The radius of gyration of a sphere of radius `R` about a tangent is.

To find the radius of gyration of a sphere of radius \( R \) about a tangent, we can follow these steps: ### Step 1: Determine the Moment of Inertia of the Sphere The moment of inertia \( I \) of a solid sphere about its own center is given by the formula: \[ I_{\text{center}} = \frac{2}{5} m R^2 \] where \( m \) is the mass of the sphere and \( R \) is its radius. ### Step 2: Use the Parallel Axis Theorem To find the moment of inertia about a tangent to the sphere, we can use the parallel axis theorem. The parallel axis theorem states that: \[ I = I_{\text{center}} + md^2 \] where \( d \) is the distance from the center of mass to the new axis. For a tangent to the sphere, \( d = R \).

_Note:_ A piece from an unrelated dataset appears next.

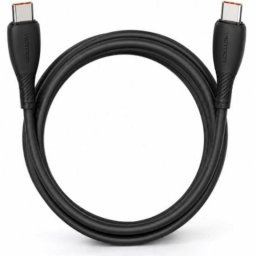 Cable USB-C Vention TRWBH 2 m 100W 480 Mbps negro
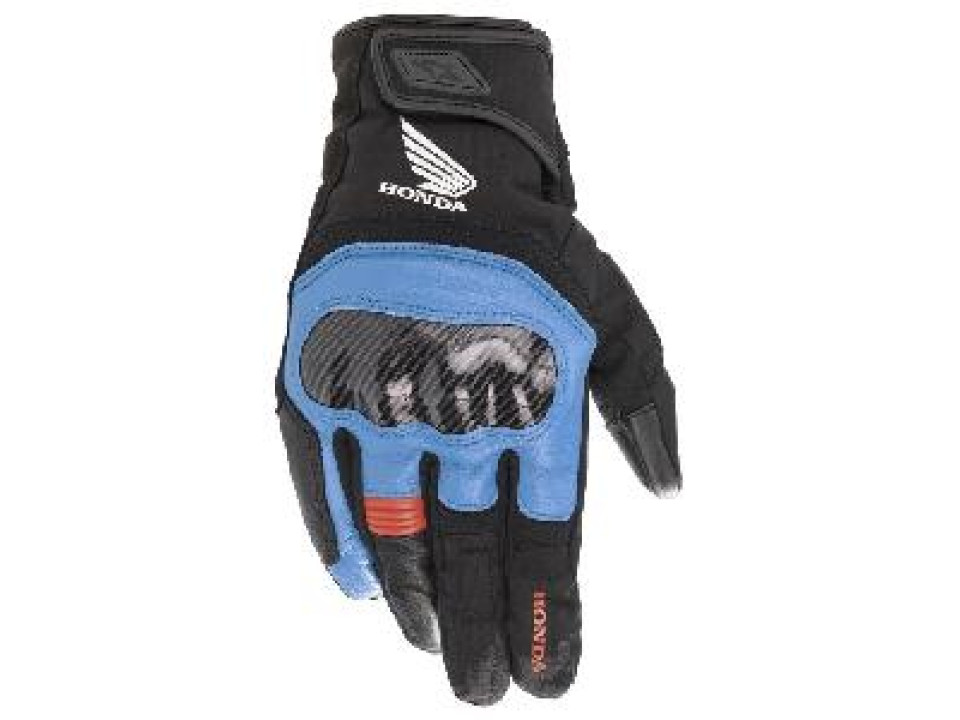 jaszmotor_webshop_alpinestars_-_smx_z-drystar_honda_motoros_kesztyu_<br>(fekete_-_kek)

Thus, we can write: \[ I_{\text{tangent}} = I_{\text{center}} + mR^2 \] Substituting the value of \( I_{\text{center}} \): \[ I_{\text{tangent}} = \frac{2}{5} m R^2 + m R^2 \] ### Step 3: Simplify the Moment of Inertia Now, combine the terms: \[ I_{\text{tangent}} = \frac{2}{5} m R^2 + \frac{5}{5} m R^2 = \frac{7}{5} m R^2 \] ### Step 4: Relate Moment of Inertia to Radius of Gyration The radius of gyration \( k \) is related to the moment of inertia by the equation: \[ I = m k^2 \] Substituting the expression for \( I_{\text{tangent}} \): \[ \frac{7}{5} m R^2 = m k^2 \] ### Step 5: Solve for the Radius of Gyration Dividing both sides by \( m \) (assuming \( m \neq 0 \)): \[ \frac{7}{5} R^2 = k^2 \] Taking the square root of both sides gives: \[ k = \sqrt{\frac{7}{5}} R \] ### Final Answer Thus, the radius of gyration of the sphere about a tangent is: \[ k = \frac{\sqrt{7}}{\sqrt{5}} R \]